Google disrupts China-linked spy campaign targeting US research institutions

Google has disrupted a China-nexus espionage campaign that spent more than a year inside North American academic, medical and military research networks, quietly collecting information that sits at the fault line between public health and national security. The targets included clinical providers, research centers, military health institutions, advocacy groups and regulators, underscoring how the research supply chain now links hospital systems, university labs and defense work into one vulnerable ecosystem.

Google Threat Intelligence Group said UNC6508 focused on defense intelligence, Indo-Pacific command operations, artificial intelligence, uncrewed vehicle systems, cyber offensive programs and medical research. That mix shows why hospitals and affiliated labs have become such valuable targets: the same networks that handle drug discovery, clinical trials and public health policy can also hold data relevant to military readiness and strategic planning. The earliest known compromise in the campaign dated to September 2023, and Google said the operation remained undetected for more than a year.

The intrusion started where many institutional networks are weakest, at externally facing web applications. Google said UNC6508 exploited vulnerable REDCap servers, used bespoke INFINITERED malware to steal login credentials and then reused those credentials to move deeper into internal systems. Once inside, the group used administrative tools to pull data out quietly, including a technique that abused domain content compliance rules for exfiltration, a reminder that espionage campaigns often ride on ordinary enterprise systems rather than exotic zero-day exploits alone.

Google said it worked with Mandiant Consulting to notify affected organizations and update Google Security Operations with indicators of compromise so defenders could look for signs of intrusion elsewhere. The company also linked UNC6508 to a broader pattern of PRC-nexus activity and said it had previously seen the group target a US-based research institution in late 2023 through a multistage intrusion that used a REDCap exploit and INFINITERED. That continuity points to a patient, repeat offender model aimed at institutions that often hold sensitive data but lack the layered defenses of larger federal agencies.
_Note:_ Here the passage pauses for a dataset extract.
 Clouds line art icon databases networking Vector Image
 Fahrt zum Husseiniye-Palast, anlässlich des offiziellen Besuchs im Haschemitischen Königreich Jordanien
The warning lands against a larger threat picture that remains crowded and persistent. Google said it is monitoring 655 threat actors, with 322 targeting organizations in the United States, while healthcare’s share of data-leak-site posts has doubled over the past three years. Google urged stronger third-party identity protections and two-step verification, but the deeper problem is structural: universities, hospitals and labs still depend on sprawling vendor access, aging research software and thinly protected administrative pathways, making them attractive not just because of what they study, but because of how they are built.